The double crossover is a problem, only because its a double crossover. Its better to seperate them, but if one already has the double crossover, might as well us it!


----------



## sid (Mar 26, 2018)

Thanks magic and lemon,, i don't know why everybody does not like them double cross overs . i love them saves me money and Kato cross overs work great. I never had a problem with them even at full speed they just work. But i have these parts in inventory . i did have the top one separated but i don't have those parts and the wife is already peod at me. This is my first ever big layout. And first ever reverse loops. Why does everybody not like them double cross overs ? I've seen them on real rail roads before. Thank you fella's for ideas and advice.


----------



## DonR (Oct 18, 2012)

Yes, double crossovers can generate reverse loop
problems as we have seen in other layouts. But, here,
the double crossovers are being used as intended,
to connect the two tracks of a double track mainline
just as you see some times on the real railroads. There
is no right rail, left rail conflict that would result in a short
circuit.

Don


----------



## sid (Mar 26, 2018)

DON :: awww i see . i try to not connect them to any turns . i like them in straight track configuration. i just like how they work one switch and it throws every thing plus my trains fly through them with no problems at all.. except for one car (i think it has bad axles )


----------



## furnmkr (Apr 21, 2018)

*2 reverse loops*

I have exactly the same thing you are talking about.....an L-shaped layout with a reversing loop at each end of the layout. I used two PSX-AR boards and everything works great....even worked the first time I ran a train around the layout! Very straight forward to install. The boards also act as a circuit breaker to protect your locomotives and controller/power supply.


----------



## Magic (Jan 28, 2014)

Sid I don't have anything against double crossovers, just though that 
their location might cause reverse loop polarity problems.

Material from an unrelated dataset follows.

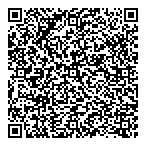 QR код "Я согласна"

I had some on my first layout but they didn't work out, had them too close to grade changes 
but they are nice in the fact you just need to throw one switch and will
alternate loops every time around. Kinda o handy.

Magic


----------



## sid (Mar 26, 2018)

furnmkr said:


> I have exactly the same thing you are talking about.....an L-shaped layout with a reversing loop at each end of the layout. I used two PSX-AR boards and everything works great....even worked the first time I ran a train around the layout! Very straight forward to install. The boards also act as a circuit breaker to protect your locomotives and controller/power supply.


aww cool Thank You. ill have to wait for funds to get me a couple. probaly after i get the layout on tables/ wall shelves type tables . not sure yet on that part on the build.
But Thank You:smilie_daumenpos:


----------



## sid (Mar 26, 2018)

Magic said:


> Sid I don't have anything against double crossovers, just though that
> their location might cause reverse loop polarity problems.
> 
> I had some on my first layout but they didn't work out, had them too close to grade changes
> ...


hahahaha no worries. i've had a lot of people say they just dont like them hahahaha, me i've had absolutely O problems with mine , But i use only Kato track. Never had any at or on a grade or any thing like that. maybe when my skills get better ill make some kinda grades. everything i have is flat . i did play with some grades in scarm while i was learning how to use it. (still learning ) hahaha


----------